Le chantier s'est poursuivi ce jour par le dégagement d'une partie de la porte. les niveaux du dépotoir extérieur au rempart sont constitués d'un sol rubéfié, très fin, avec des "loupes" cendreuses. L'hypothèse d'une zone de vidange de foyers n'est pas privilégiée car le sol rubéfié garde d'importantes traces de chauffe correspondant à un incendie. Ces traces d'incendie sont observées sur la totalité de la zone de fouille, à l'extérieur du rempart. Des rejets alimentaires et des tessons de céramique continuent d'être exhumés en quantité de cette unité stratigraphique. Tout le mobilier archéologique n'a pas encore été étudié, mais il semble, par les tessons de céramique locale provenant de cette unité stratigraphique où il n'a pas été découvert de décombres du rempart, que les XIVe-XVe siècles (tessons de tradition Acoua) correspondent à l'ultime période d'existence du rempart. Le remaniement de la porte du rempart observé semble avoir eu lieu lors de cette phase tardive.

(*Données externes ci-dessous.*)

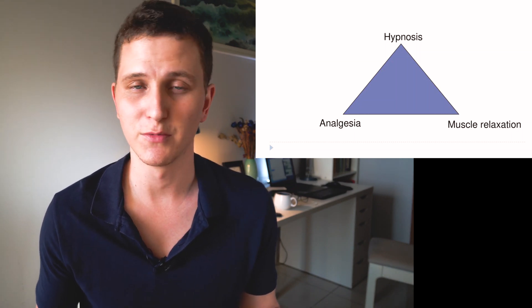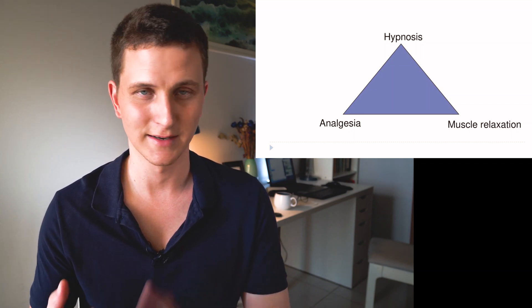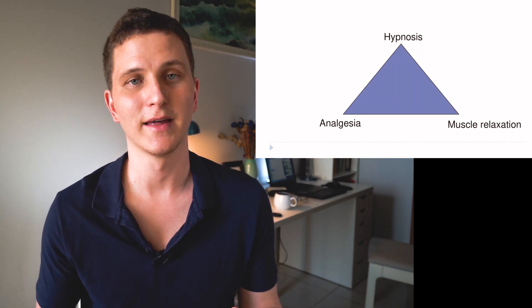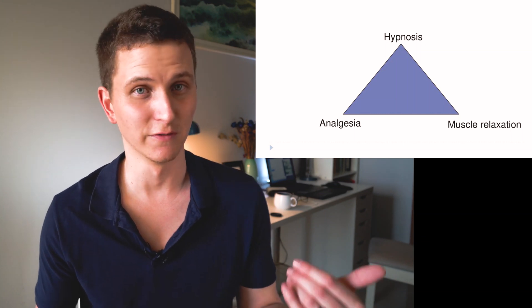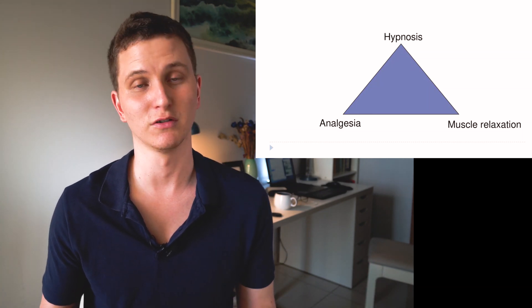If someone is paralysed but has not got any sedation or analgesia, they will feel everything, hear everything, and remember everything. In the same way, if you are just sedated, you will still feel pain and still be able to move. And if you're giving just analgesia, you're still going to be able to move and remember. All three sides of the triangle need to be covered when you're dealing with an RSI — etomidate, propofol, fentanyl, ketamine, rocuronium, succinylcholine — all of these options exist.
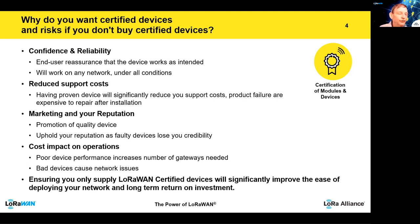That will significantly reduce your support costs. You can get it tested and proven before you go into mass production, because it's very expensive to repair or fix something after installation. Certification also helps with marketing your product and your own reputation — you can quote it as a quality mark. If you have faulty devices, you will very soon lose your credibility. There is also a cost impact: poor devices increase the number of gateways needed, adding cost to the operator, and any problems could affect other devices in the network. Ensuring you only supply LoRaWAN certified devices will significantly ease network deployment and give you a much better long-term return on investment.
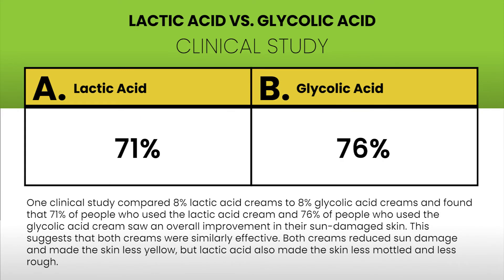One clinical study compared 8% lactic acid creams to 8% glycolic acid creams and found that 71% of people who used the lactic acid cream and 76% of people who used the glycolic acid cream saw an overall improvement in their sun-damaged skin. This suggests that both creams were similarly effective. Both creams reduced sun damage and made the skin less yellow, but lactic acid also made the skin less mottled and less rough.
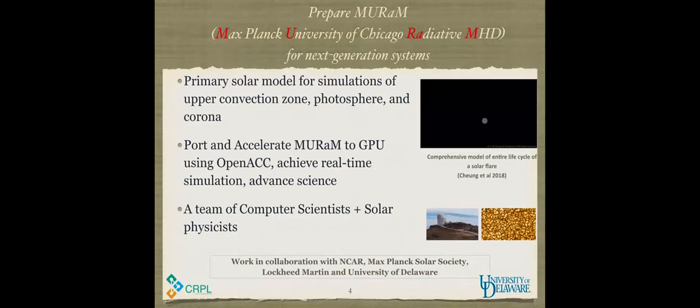The first story I'd like to tell you about is a solar physics and HPC story. This is a project with NCAR — National Center for Atmospheric Research in Denver — Max Planck Solar Society in Germany, Lockheed Martin, and the University of Delaware. The project started three years ago. What you see in the video is the chromosphere — a solar flare, that colorful fire eruption.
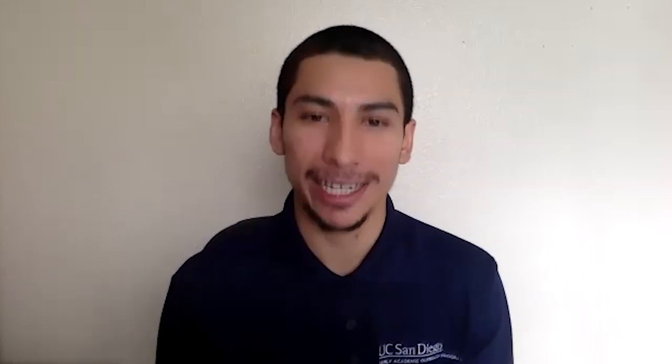Thank you for checking us out — we really appreciate it. If you're interested in learning more about UC San Diego or the Early Academic Outreach Program, check us out on Instagram or Facebook. We post information about SIR, housing, student success, mental health, and much more. We'll see you in part two, which covers housing. Take care, y'all!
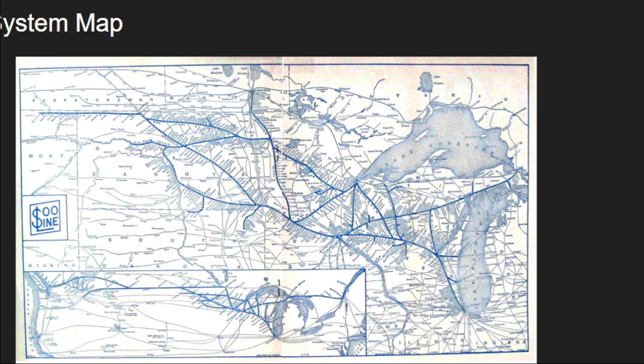They also built an extension to Noyes, Minnesota to connect to Winnipeg, and they built their own connection to Chicago via Menasha and Fond du Lac, Wisconsin. They also spread branches to Milwaukee and Manitowoc, Wisconsin, which I believe may be part of the Wisconsin Central as well — the history of that era was very intertwined.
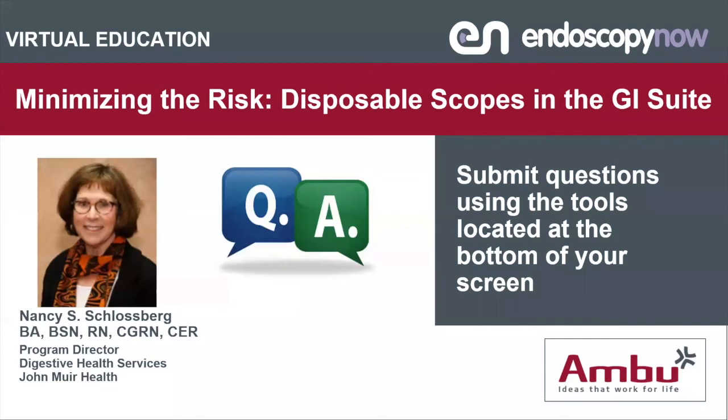I hope that was informative. If you take home one pearl from any kind of presentation, that's great. I would open the floor for questions. Thank you very much for your attention. Attendees, please submit your questions using the chat box.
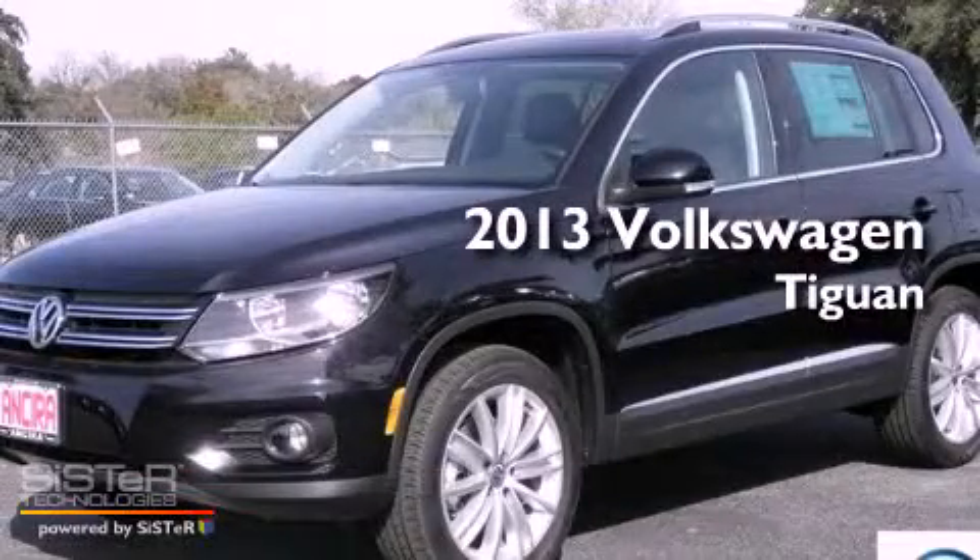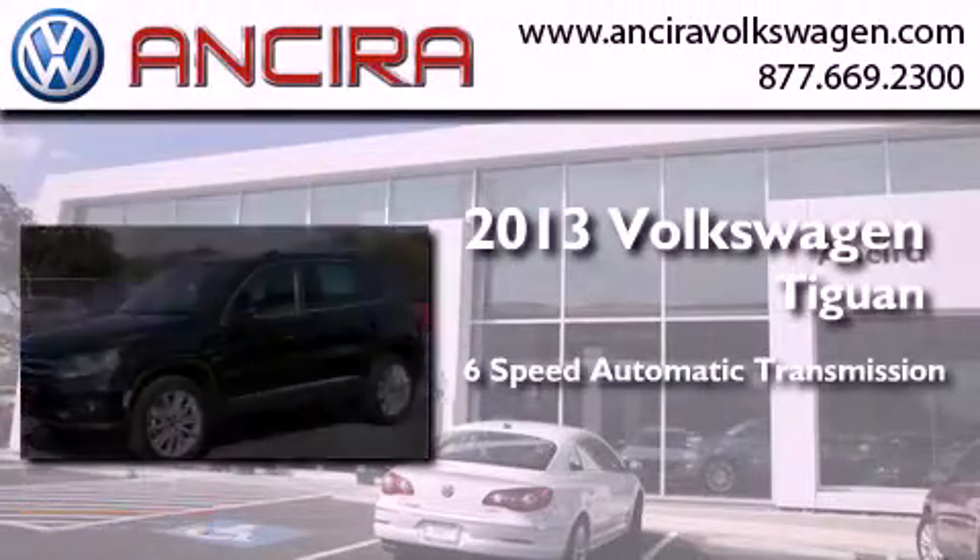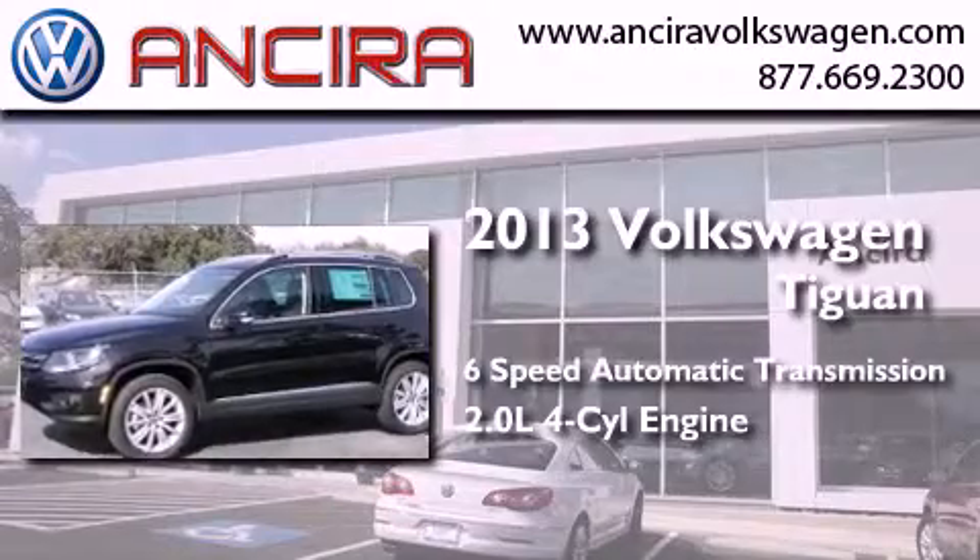This is a brand new 2013 Volkswagen Tiguan. This crossover has a 6-speed automatic transmission and an inline 4-cylinder engine.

Si cette hypothèse chronologique est vérifiée (un prélèvement de charbon piégé dans les maçonneries de la porte tardive permettra une datation de sa construction par analyse RC14), il est possible d'envisager que la restauration de la porte du rempart au XIVe-XVe siècle soit contemporaine de l'apparition des grandes demeures aristocratiques dans le quartier des notables étudiées entre 2005 et 2008. Dans ce cas, cette reconstruction de l'accès au village appartiendrait à un programme urbanistique cohérent visant à imposer la marque d'une nouvelle organisation politique, celle de la chefferie fani où un clan s'est accaparé le pouvoir politique autrefois détenu par la communauté villageoise. La nouvelle entrée fortifiée du village, tout comme ces grandes habitations en pierre, servant à magnifier ce pouvoir.
sol rubéfié (niveaux XVe siècle du dépotoir)
La destruction du rempart se déroulerait au XVe siècle, ce qui correspond à un contexte politique particulier: c'est l'époque où certains chefs appelés fani imposent leur autorité sur des portions de l'île (on pense au fani de Mtsamboro, présenté par les chroniques comme le "cheik" de tout le pays, avant l'établissement du sultanat par les princes shirazi) ou encore, à l'établissement du sultanat shirazi dans les dernières années du XVe siècle. Dans les deux cas, la destruction du rempart serait le fait d'une conquête, mettant symboliquement un terme à l'indépendance des fani d'Acoua.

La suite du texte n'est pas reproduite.